Claimant is attempting to show a causal connection between the employment and the contraction of the disease because of the nature of the deceased’s work. The nature of the employment, from the evidence, necessitated his being outside in the hot sun. It was claimed that the deceased ate his lunches at the city shops which were near hobo jungles and a storm-sewer outlet. It was also claimed that flies abounded in the area. There was some evidence that the garbage trucks sometimes *602contained human fecal matter, and that they were parked in the shop area during the lunch hour.

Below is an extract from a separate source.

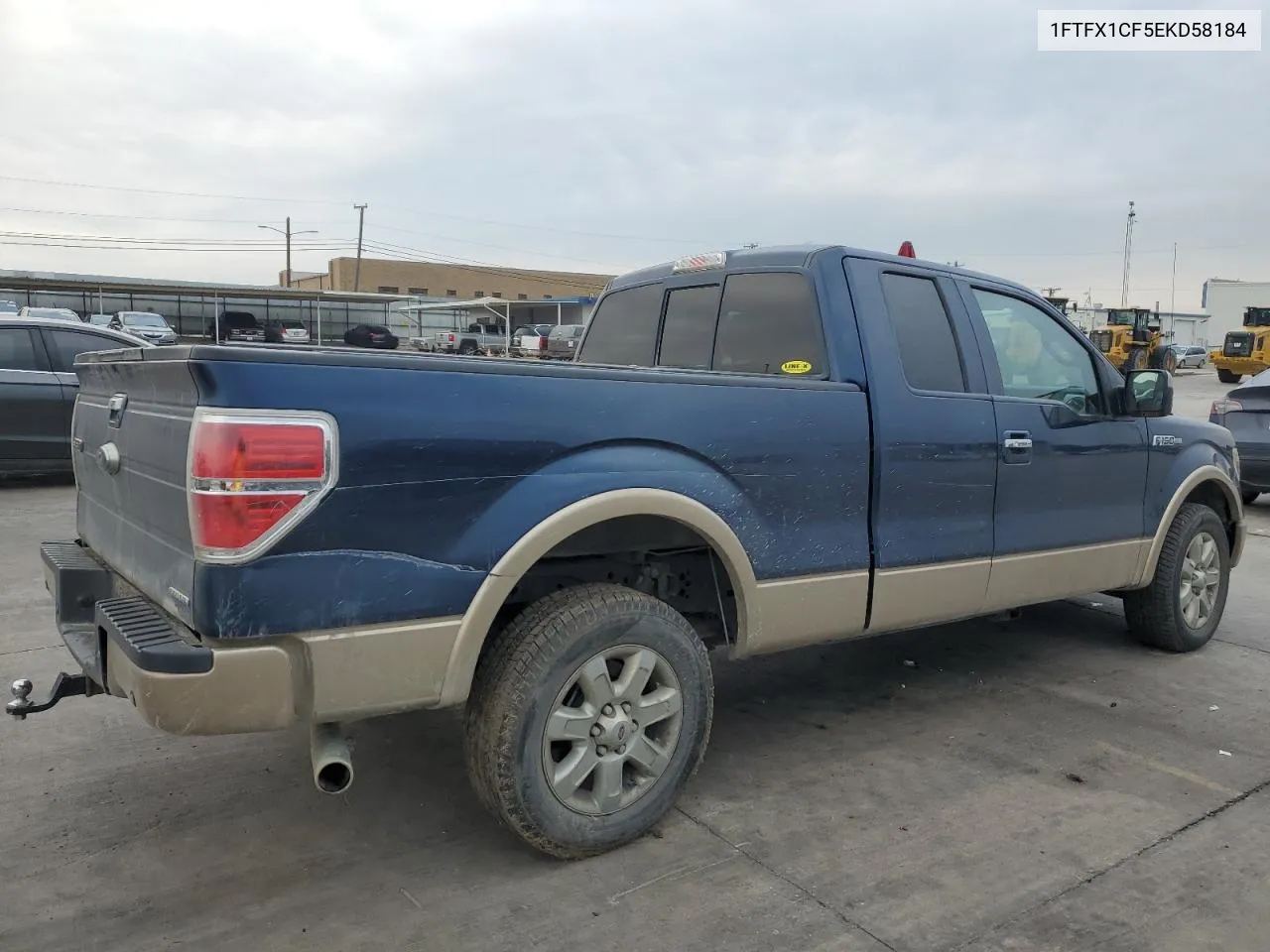 1FTFX1CF5EKD58184 2014 Ford F150 Super Cab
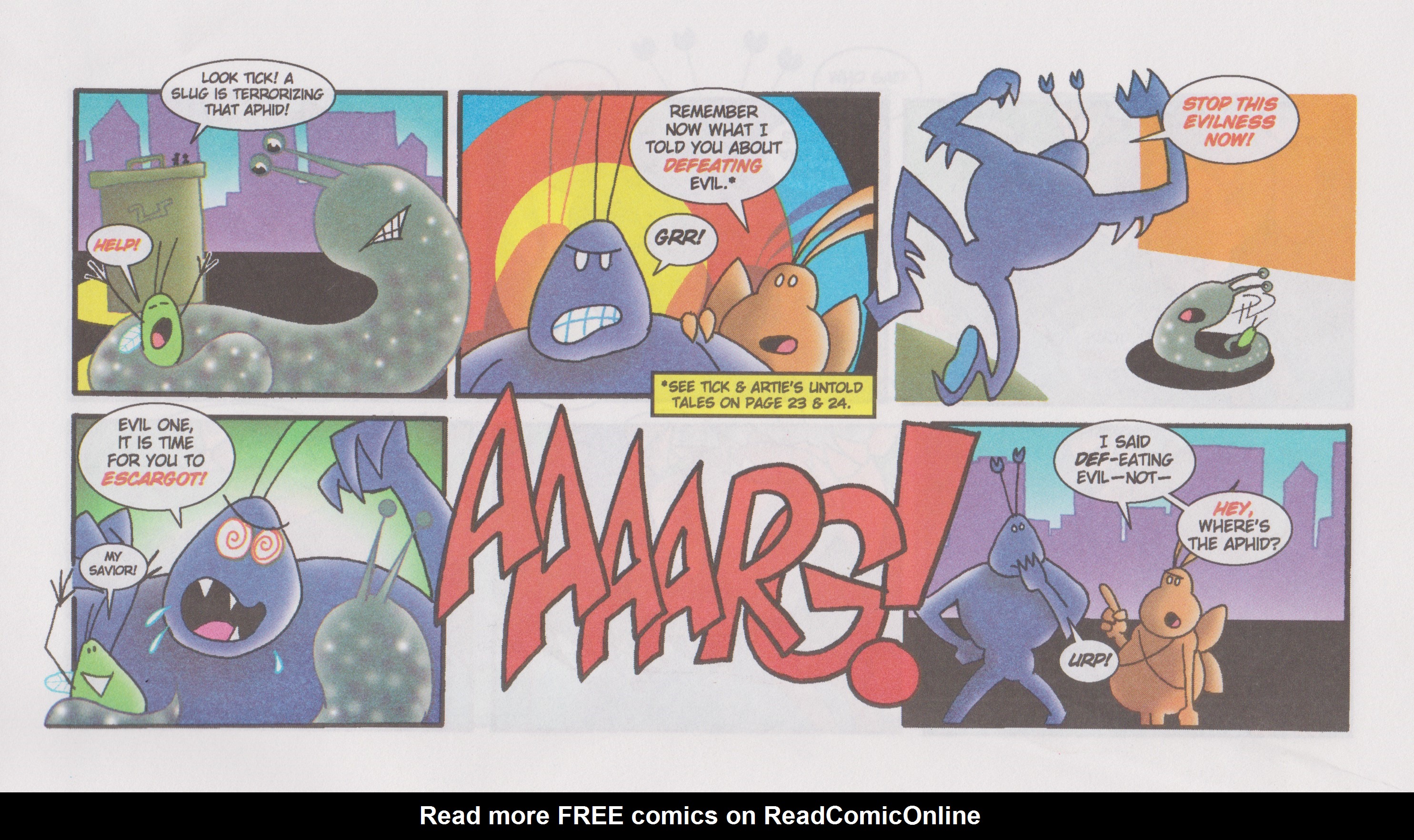 Read online Tick & Artie comic -  Issue #1 - 10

Concerning the causal connection, the testimony of four doctors was offered into evidence. The two doctors called by the claimant as witnesses were both attending physicians at the time of deceased’s death. The two doctors called as witnesses for the Board had not been attending physicians but were qualified as having special knowledge concerning the disease of poliomyelitis. All of the doctors testified that poliomyelitis is a contact, epidemic-type of disease and that the primary method of contracting it is through person-to-person contact. All of these witnesses agreed that the virus could exist in human excreta. They testified that fatigue was not a factor which would make a person more susceptible to the contraction of the disease. The testimony concerning flies was to the effect that they have not been considered much of a factor during epidemics and they have also not been considered a major source from which the disease could be contracted. It is significant that when claimant’s witnesses were tendered a hypothetical question which included the conditions and surroundings of the deceased’s employment, and were asked if this contributed to the death of deceased they would not so testify. One of these doctors testified that he could not say where, how, or when the deceased contracted the disease and that it was possible the deceased contracted it at home or going to or from his job as well as on the job. The other doctor called by the claimant testified, concerning this same hypothetical question, that the factors could possibly be related to the contraction of the disease by the deceased but probably they were not. The testimony of the doctors who testified for the Board was, in essence, that the deceased would have been more likely to have contracted the disease in his contact with other people, either at home or at a funeral which he had attended, than to have contracted the disease because of the conditions of his employment.
*603The claimant has not sustained her burden of proving the causal connection between the employment and the contraction of the disease by the above-evidence.
For the foregoing reasons, the judgment of the district court should be reversed and the order of the Industrial Accident Board, denying compensation, should be reinstated.